Pietro Ubaldi (born 21 September 1955) is an Italian voice actor, known for being the voice of Doraemon, Patrick Star in SpongeBob SquarePants, Meowth in Pokémon and Scooby Doo in various animated movies.

== Biography ==
Active primarily in the field of dubbing for cartoons and video games, in the film industry he dubbed Geoffrey Rush, in the role of Hector Barbossa, in the Pirates of the Caribbean films. He also dubbed Jeremy Clarkson in all episodes of the BBC series Top Gear.

He hosted the children's show Game Boat, broadcast on Rete 4 in the early evening slot from 1996 to 1999, for which he also performed the theme song together with the Coro dei Piccoli Cantori di Milano. He was also one of the creators of the program Bim Bum Bam, to which he contributed as an actor and voice actor: in fact, since 1994 he has been the voice of the puppet Uan, replacing Giancarlo Muratori, who died in 1996. Since 2003 he has been the voice of Doraemon in the animated series of the same name and since 2004 of Patrick Stella in SpongeBob SquarePants; finally he voiced some characters in the Dragon Ball series and films and in the Barbie films, as well as Meowth from Team Rocket (Pokémon) as a second voice.

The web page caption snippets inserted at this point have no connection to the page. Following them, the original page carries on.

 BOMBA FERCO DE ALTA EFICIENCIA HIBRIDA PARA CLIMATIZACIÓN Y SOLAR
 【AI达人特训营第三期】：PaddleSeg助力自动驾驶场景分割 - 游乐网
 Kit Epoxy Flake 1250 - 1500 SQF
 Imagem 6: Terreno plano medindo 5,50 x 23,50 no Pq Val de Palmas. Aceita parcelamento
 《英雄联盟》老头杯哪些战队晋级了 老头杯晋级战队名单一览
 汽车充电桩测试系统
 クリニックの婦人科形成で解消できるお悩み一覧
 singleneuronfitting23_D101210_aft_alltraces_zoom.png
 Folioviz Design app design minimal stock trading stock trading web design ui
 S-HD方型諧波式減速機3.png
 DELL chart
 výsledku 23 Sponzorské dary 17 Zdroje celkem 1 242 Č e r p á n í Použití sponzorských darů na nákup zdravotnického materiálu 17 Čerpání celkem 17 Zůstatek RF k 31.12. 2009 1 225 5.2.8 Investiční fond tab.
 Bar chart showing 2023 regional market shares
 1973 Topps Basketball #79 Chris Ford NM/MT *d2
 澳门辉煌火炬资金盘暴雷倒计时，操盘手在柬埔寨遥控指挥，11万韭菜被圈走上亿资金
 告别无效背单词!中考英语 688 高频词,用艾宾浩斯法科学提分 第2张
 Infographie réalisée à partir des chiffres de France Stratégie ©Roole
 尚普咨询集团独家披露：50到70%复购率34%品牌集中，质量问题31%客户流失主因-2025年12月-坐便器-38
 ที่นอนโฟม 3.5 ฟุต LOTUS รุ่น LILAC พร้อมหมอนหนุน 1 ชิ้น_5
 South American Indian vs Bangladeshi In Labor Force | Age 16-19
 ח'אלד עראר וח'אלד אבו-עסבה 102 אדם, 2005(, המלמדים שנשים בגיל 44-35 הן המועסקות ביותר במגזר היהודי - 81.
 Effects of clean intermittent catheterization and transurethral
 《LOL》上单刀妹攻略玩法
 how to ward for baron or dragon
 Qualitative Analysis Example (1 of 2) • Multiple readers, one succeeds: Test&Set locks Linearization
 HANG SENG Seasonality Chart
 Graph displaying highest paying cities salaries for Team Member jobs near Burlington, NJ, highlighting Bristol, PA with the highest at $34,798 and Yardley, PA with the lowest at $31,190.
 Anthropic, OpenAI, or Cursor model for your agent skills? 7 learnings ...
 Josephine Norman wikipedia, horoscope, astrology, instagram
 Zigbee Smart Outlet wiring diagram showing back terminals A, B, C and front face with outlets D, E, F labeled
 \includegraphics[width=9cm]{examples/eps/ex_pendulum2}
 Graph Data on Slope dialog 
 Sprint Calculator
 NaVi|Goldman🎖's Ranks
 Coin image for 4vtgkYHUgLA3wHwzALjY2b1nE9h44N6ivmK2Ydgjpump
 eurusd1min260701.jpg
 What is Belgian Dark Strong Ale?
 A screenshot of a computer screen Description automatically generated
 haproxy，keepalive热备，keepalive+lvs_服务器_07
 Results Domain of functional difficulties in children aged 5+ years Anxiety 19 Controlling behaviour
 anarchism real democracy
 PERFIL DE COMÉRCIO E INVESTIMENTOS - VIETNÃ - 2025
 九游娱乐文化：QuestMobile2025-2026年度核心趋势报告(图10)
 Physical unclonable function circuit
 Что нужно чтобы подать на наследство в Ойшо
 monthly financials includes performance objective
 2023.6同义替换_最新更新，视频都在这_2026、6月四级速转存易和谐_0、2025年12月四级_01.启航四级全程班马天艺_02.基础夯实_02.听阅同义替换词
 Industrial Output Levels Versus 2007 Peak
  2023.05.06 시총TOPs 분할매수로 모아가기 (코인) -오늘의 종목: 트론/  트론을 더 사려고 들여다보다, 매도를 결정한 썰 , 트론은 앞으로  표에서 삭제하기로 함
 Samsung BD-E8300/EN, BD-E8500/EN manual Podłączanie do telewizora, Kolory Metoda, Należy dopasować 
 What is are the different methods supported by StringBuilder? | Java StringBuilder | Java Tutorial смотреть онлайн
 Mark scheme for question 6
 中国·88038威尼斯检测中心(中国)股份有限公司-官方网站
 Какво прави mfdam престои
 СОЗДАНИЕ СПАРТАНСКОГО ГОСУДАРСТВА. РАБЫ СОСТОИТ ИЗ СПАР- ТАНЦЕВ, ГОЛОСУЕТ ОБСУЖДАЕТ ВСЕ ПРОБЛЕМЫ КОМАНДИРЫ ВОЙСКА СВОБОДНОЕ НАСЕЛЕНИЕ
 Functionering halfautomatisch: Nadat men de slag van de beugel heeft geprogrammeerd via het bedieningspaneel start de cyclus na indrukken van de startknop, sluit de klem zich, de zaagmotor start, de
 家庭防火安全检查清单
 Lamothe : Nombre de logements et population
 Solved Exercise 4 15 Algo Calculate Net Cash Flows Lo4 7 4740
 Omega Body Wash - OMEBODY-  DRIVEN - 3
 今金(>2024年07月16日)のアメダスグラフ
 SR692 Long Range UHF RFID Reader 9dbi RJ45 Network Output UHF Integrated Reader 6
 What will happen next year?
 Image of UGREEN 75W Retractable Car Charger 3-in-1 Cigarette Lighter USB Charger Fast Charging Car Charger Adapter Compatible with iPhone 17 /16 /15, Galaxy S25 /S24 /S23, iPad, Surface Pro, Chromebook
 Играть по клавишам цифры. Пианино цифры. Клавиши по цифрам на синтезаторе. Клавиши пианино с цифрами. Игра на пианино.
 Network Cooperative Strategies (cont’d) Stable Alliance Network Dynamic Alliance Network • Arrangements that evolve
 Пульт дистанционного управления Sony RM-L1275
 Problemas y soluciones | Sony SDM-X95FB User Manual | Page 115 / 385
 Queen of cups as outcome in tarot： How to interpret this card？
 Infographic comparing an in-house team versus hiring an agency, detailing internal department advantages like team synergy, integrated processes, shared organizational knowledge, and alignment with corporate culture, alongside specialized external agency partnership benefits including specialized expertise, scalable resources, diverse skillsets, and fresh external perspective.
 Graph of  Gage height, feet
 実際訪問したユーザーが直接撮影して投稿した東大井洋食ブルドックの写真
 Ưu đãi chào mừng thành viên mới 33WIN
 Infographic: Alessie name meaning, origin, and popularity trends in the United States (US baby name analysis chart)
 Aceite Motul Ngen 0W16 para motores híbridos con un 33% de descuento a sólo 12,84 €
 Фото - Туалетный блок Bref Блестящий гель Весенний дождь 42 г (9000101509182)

Since 2004, he has been the official announcer for Boing. In 2015, he competed on Italia's Got Talent as the puppet Ucio Bicio. As the voice of the puppet Four, he recorded the theme songs for the program Ciao Ciao from 1986 to 1992, starting with Giorgia Passeri (in 1986 and 1987), Debora Magnaghi (in 1988), Paola Tovaglia (from 1989 to 1991), Flavio Albanese (in 1990 and 1991), Marco Milano and Davide Garbolino (voice of Fourino, in 1990), and finally Guido Cavalleri and Marta Iacopini (in 1991).

In 2023, he joined the cast of Disneiamo, a musical show celebrating the centenary of Disney animation, featuring Stefano Bersola, Giulia Ottonello, and Giorgia Vecchini.